The mounting means mounts the engaging assembly adjacent the peripheries of
the skate wheel assemblies so that the engaging assembly is free to move a
limited distance toward and away from both of the rotating skate wheel
assemblies for engagement therewith while rotating about its central axis,
while having its central axis maintained generally parallel to the
rotational axes of the skate wheel assemblies, and while keeping the
engaging assembly laterally aligned with the skate wheel assemblies. The
mounting means comprises a leaf mounting assembly carried between the
skate side frames and rotatably mounting the engaging assembly thereon.
The leaf mounting assembly may include at least one and preferably two
elongate leaf members flexible in a first direction and substantially
inflexible in a second direction normal to the first direction where the
leaf members are mounted so that the second direction is oriented
substantially parallel to the axes of rotation of the skate wheel
assemblies, and where the engaging assembly is rotatably mounted on the
leaf members so that the leaf members can flex to allow the engaging
assembly to move toward and away from the peripheries of the skate wheel
assemblies but the engaging assembly is maintained laterally of the
rotating members. A thrust bearing washer may be positioned between the
sides of the transfer section around the brake drum and the adjacent sides
of the braking means to reduce friction.
The actuation means selectively forces the engaging assembly toward the
pair of skate wheel assemblies so that the contact forces between the
engaging assembly and the skate wheel assemblies are substantially
equalized. The actuating means may be operated by the pivotal cuff on the
skate shoe.
The braking means for the engaging assembly may include arcuate brake pad
means for frictionally engaging the cylindrical brake pad engaging surface
on the engaging assembly. The brake pad means is mounted on the mounting
means. The actuation means and the mounting means may be constructed and
arranged to selectively cause the brake pad means to frictionally engage
the engaging assembly while simultaneously forcing the engaging assembly
against the peripheries of the skate wheel assemblies to brake same.

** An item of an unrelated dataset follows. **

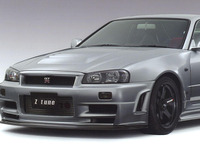 ニスモ「R-34・GT-R Zチューン」タイプエアロパーツ 画像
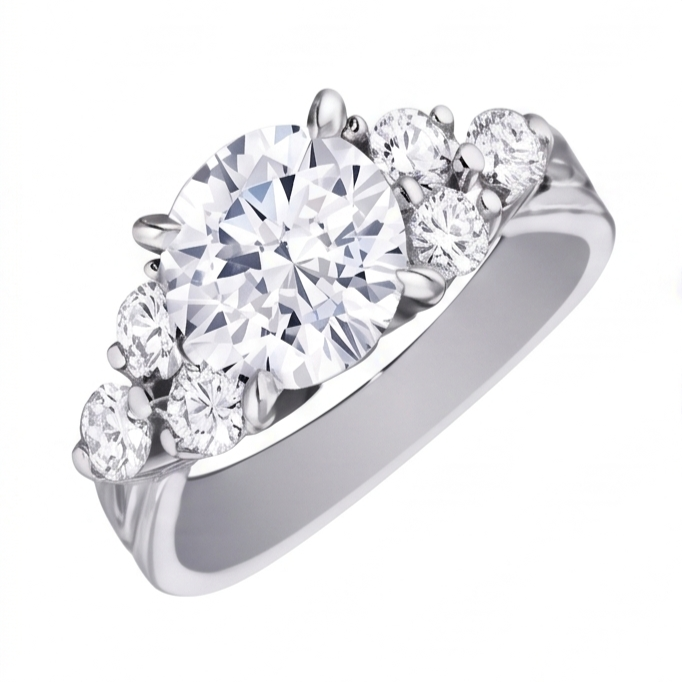 Echter Diamant Ring 2.60 Karat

The limit means is mounted between the side frames on the skate to
physically limit the movement of the engaging assembly so as to keep the
engaging assembly from passing between the adjacent skate wheel assemblies
being braked. The limit means may include a limit roller rotatably mounted
between the skate side frames so that the engaging assembly can continue
to rotate when the limit means is engaged to continue to apply braking
forces to the skate wheel assemblies. When used with pneumatic tired skate
wheel assemblies, the limit roller may be located so as to cause the
engaging assembly to continue to provide braking forces to the undeflated
skate wheel assembly in the event one of the tires becomes deflated.

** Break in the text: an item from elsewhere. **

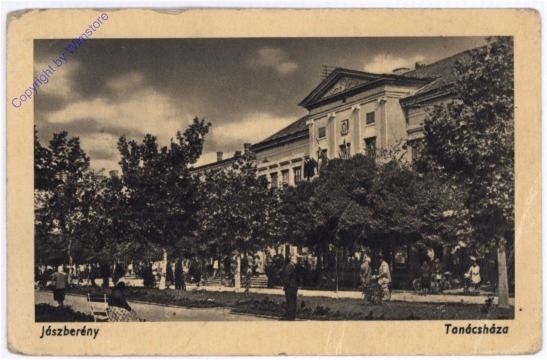 ak181160 Jaszbereny, Ansicht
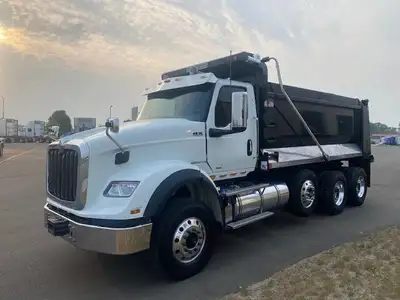 Dump truck and excavator operators , View more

The braking method of the invention comprises the steps of rotatably
positioning an engaging member between the skate wheel assemblies so that
the engaging member is in peripheral contact with both skate wheel
assemblies; restraining the engaging member so that the engaging member is
maintained in lateral alignment with the rotating skate wheel assemblies
while being free to move toward and away from the rotating members; moving
the engaging member toward the skate wheel assemblies so that the engaging
member exerts approximately equal forces on the skate wheel assemblies;
and, applying braking forces to the engaging member to resist the rotation
thereof so that approximately equally divided braking forces are applied
to the skate wheel assemblies. The braking method may further comprise the
step of cooling the engaging member to prevent heat buildup in the
engaging member during braking so as to deleteriously affect the skate
wheel assemblies.
These and other features and advantages of the invention will become more
clearly understood upon consideration of the following detailed
description and accompanying drawings wherein like characters of reference
designate corresponding parts throughout the several views and in which:
BRIEF DESCRIPTION OF THE DRAWINGS
FIG. 1 is a right side perspective of an in-line roller skate embodying the
invention;
FIG. 2 is an enlarged longitudinally extending vertical cross-sectional
view taken just inside the right skate side frame;
FIG. 3 is a vertical cross-sectional view taken generally along line 3--3
in FIG. 2;
FIG. 4 is an enlarged exploded perspective view of the engaging assembly
and braking means of the invention;
FIG. 5 is an enlarged end view of the engaging assembly of the invention;
and,
FIG. 6 is a cross-sectional view taken along line 6--6 in FIG. 5.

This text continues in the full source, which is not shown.